After one of the more exciting weekends in baseball history, we finally have our World Series matchup. The Tampa Bay Rays will face off against the Los Angeles Dodgers to see who will be the champion of this strange and shortened MLB season.
The Rays went up 3-0 in the ALCS vs the Astros, then proceeded to drop the next 3 games, and kept the Astros’ hopes alive for a Game 7. The Rays managed to avoid a reverse sweep and held on to win 4-2. The Rays will play in the World Series for the first time since 2008, and will look to win the franchise’s first championship in their history. After the Tampa Bay Lightning won the Stanley Cup in late September, it seems like it could be in the tides for this year’s Rays team.
Meanwhile, the Dodgers will return to the World Series for the third time in 4 years. After cruising through the regular season and finishing with a record of 43-17, the team faced it’s first real adversity of the season when they quickly found themselves down 3-1 to the Atlanta Braves in the NLCS. With the help of great pitching and defense, and timely hitting, the Dodgers managed to fight back and force a Game 7 in the series.
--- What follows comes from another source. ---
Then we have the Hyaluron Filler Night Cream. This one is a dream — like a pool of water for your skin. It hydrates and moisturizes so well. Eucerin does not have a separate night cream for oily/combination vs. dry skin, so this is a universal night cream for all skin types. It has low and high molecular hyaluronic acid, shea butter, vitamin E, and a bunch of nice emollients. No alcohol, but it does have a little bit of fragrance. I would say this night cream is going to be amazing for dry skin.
Cody Bellinger was the hero for the Dodgers on Sunday night, after he hit the go ahead solo homerun in the 7th inning of Game 7, and that proved to be the difference. The Dodgers became only the 14th team in MLB history to win after trailing 3-1 in a 7 game series.
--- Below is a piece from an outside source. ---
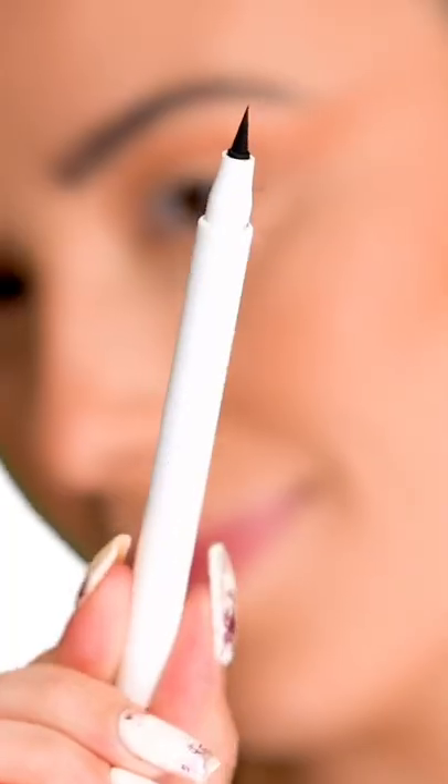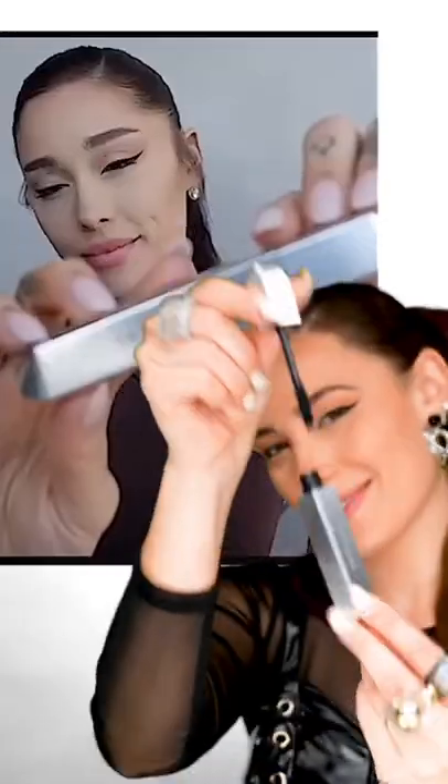For her signature cat eye, she uses the eyeliner marker from her brand. She's an eyeliner pro, as you can see — we love it. I really like this eyeliner.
With all of the unpredictability and inconsistency that this season provided, the World Series matchup is a pretty standard one. The Dodgers had the best record in the MLB at 43-17, while the Rays finished only 3 games behind that mark. It’s clear that we are left with the two best teams in the MLB, so even with a shortened 60 game season, it seems like we will still get the series everyone wanted. Nevertheless, the final records of the team might be similar but they couldn’t be more different in terms of spending, and roster creation. The Dodgers have a payroll of 77.8 million ,while the Rays have been near the bottom of the league in payroll for the last 5+ years.
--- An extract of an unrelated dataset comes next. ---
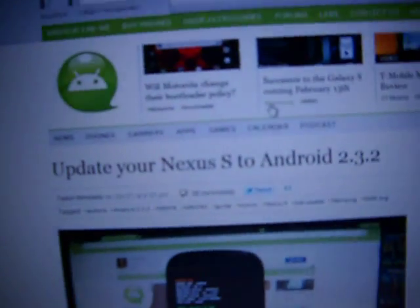I'm going to show you where you can get this update if you want to just install it to your phone right now and how you do it. In order to get the update you've got to go to androidandme.com. I'm going to provide you with the link and the instructions are right here.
The Rays have relied on their big 3 of starting pitching with Tyler Glasnow, Charlie Morton, and Blake Snell. The team has tended to take out their starters fairly early in games, and rely on their arsenal of bullpen arms to win them games. After 66 pitches over 5 ⅔ innings, Rays manager Kevin Cash decided to take out Charlie Morton from Game 7. Tampa Bay has been extremely reliant on their bullpen throughout the regular season and the playoffs. Twelve different pitchers converted at least one save during the regular season which tied the record for a 162 game season. They finished the season with a 3.37 era, despite the highest paid player in the bullpen being Aaron Loup making 1.65 million this year. The Rays have continued to find talent for cheap after drafting rookie Randy Arozorena who hit .321 and hit 4 home runs in the ALCS.
The Dodgers have relied on the offense of stars like Cody Bellinger and Corey Seager who both hit huge home runs in elimination games. Corey Seager actually hit two clutch home runs in Game 5 to keep the Dodgers alive. Seager went on to win the NLCS MVP for his heroics throughout the series. The defense of superstar Mookie Betts has also been a huge factor for the team throughout the playoffs. The Dodgers have had good teams in the past, but with the offseason signing of Mookie Betts, the Dodgers have somehow improved their team again from the last 3 years. With the emergence of Walker Buehler as a clear #2 starter for this team, this looks like the Dodgers’ best chance to win their first championship since 1988.
It’s clear the two teams are very different in style, so it will be interesting to see which team prevails. Will it be the star studded Los Angeles Dodgers? Or will it be the obscure and unrecognized Tampa Bay Rays? We’ll know a little bit more about how these teams matchup after Game 1 on Tuesday, but if the World Series is anything like the two championship series, we should be in for a classic.